_Requirement_
When a line in the data below includes "woman", pick it out and copy it.

_Records for the exercise_

=== Section Start ===

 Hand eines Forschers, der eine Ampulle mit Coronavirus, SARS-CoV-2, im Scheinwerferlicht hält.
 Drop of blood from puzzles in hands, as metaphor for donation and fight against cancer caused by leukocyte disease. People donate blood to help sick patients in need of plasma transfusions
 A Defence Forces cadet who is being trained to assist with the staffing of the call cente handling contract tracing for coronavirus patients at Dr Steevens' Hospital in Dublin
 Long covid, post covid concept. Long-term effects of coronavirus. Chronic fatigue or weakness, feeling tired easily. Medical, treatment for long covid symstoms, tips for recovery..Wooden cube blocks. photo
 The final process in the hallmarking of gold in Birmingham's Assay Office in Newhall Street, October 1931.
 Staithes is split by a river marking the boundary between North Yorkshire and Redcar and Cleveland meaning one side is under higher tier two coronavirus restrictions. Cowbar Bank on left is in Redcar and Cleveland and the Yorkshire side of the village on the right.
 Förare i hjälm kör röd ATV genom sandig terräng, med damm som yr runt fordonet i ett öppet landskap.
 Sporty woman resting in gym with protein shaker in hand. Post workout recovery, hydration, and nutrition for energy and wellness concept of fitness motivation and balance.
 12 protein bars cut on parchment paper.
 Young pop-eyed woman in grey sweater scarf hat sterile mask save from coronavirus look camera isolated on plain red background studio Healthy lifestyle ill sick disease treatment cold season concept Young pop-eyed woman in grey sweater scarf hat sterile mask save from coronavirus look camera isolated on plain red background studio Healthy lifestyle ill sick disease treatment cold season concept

=== Section End ===

_Response for this exercise_
 Sporty woman resting in gym with protein shaker in hand. Post workout recovery, hydration, and nutrition for energy and wellness concept of fitness motivation and balance.
 Young pop-eyed woman in grey sweater scarf hat sterile mask save from coronavirus look camera isolated on plain red background studio Healthy lifestyle ill sick disease treatment cold season concept Young pop-eyed woman in grey sweater scarf hat sterile mask save from coronavirus look camera isolated on plain red background studio Healthy lifestyle ill sick disease treatment cold season concept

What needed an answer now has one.